Like other canids, coyotes are active throughout the year. They are chiefly nocturnal, and are also active at dawn and dusk. They are very vocal animals, and are particularly noisy during the mating season. The group song consists of yips, short howls, warbles and barks. Pups communicate by screams and gurgles. Coyotes are very social animals, and follow the territorial habit of maintaining scent posts. As with other canids, this is done by urinating on stumps, small bushes, rocks, and at all feeding and digging sites. The usual home range is about 78 square km (30 square mi), but variations of from 26 to 156 square km (10 to 60 square mi) do occur. Coyotes usually travel at a trot. They can cover short distances at speeds of 40 to 50 km/h (25 to 30 mph). When chased, they increase their speed by at least 10 km/h (6 mph). They are strong swimmers, and never hesitate to wade into the water in pursuit of waterfowl.

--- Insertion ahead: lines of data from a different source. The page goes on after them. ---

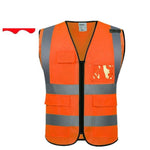 Reflective Vest Mesh Breathable Sanitation Clothing Construction Site Safety Yellow Vest Traffic Coat Vehicle Engineering Clothing Mesh Yellow M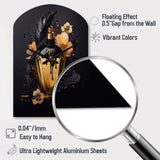 Chic Black And Gold Perfume Bottle IX - Asymmetric Metal Wall Clock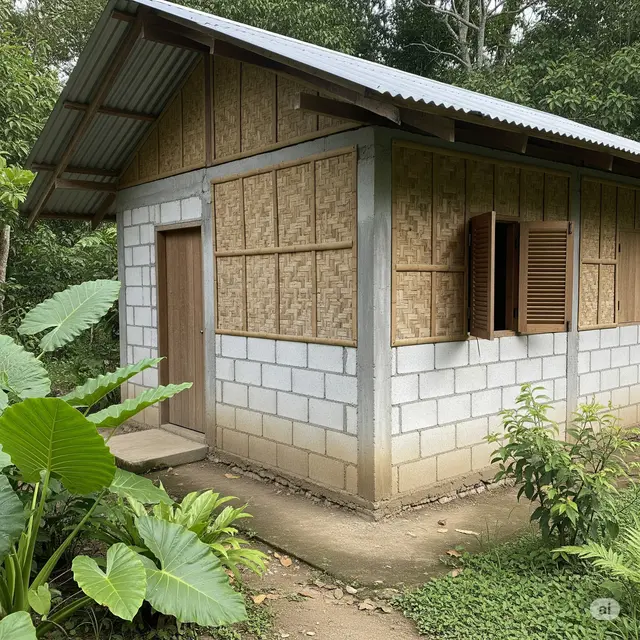 Rumah Kecil Batako dan Bambu 1 Lantai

The number of coyotes in a particular area fluctuates according to the food supply. Where rabbit and mouse populations are low, females may produce very small litters or none at all. The young born during periods of food shortage are likely to die before reaching the age of one year. Coyote populations are also affected by a number of diseases and parasites, including distemper, mange, tularemia, heart and kidney worms, lice, fleas and ticks. Surprisingly, rabies is rare in coyotes, and the species accounts for only one per cent of all diagnosed cases. The chief predator of coyotes is man, who shoots and traps nuisance coyotes, hunts the animals with specially trained dogs for sport, traps them for their pelts and unintentionally causes death through such things as road accidents. During the 1970s, about 2,000 coyotes and hybrids were harvested annually in Ontario. Several studies have shown that 70 percent of the harvest over several years consisted of juveniles. This suggests that the coyote has responded to the pressure put upon it by increasing its reproductive rate to compensate for the increased mortality.
The bounty on coyotes and wolves, which existed between 1793 and 1972, had never proved a very effective management tool. It generally resulted in the elimination of easily taken animals, while the major culprits remained at large. Frequently, a lone coyote or a female with young is responsible for ravaging a farmer’s livestock, and it is only this animal that need be removed to remedy the situation. When the Ministry of Natural Resources receives a complaint of predation upon livestock or wildlife, it assesses the situation carefully and begins a control program, if that is required. Local trappers employed by the Ministry often carry out these programs. The emphasis is placed on the use of traps, since these are the most selective and effective means of eliminating predators. The control programs are continued until the problems are resolved. The principles of good animal husbandry are stressed to avoid problems in the first place. The Ministry actively encourages local trappers, farmers and other interested parties to take part in predator control, since these people are in the best position to monitor the coyote population. Moreover, since 1972, compensation has been available to people suffering losses because of predation. There is no closed season on coyote in Ontario.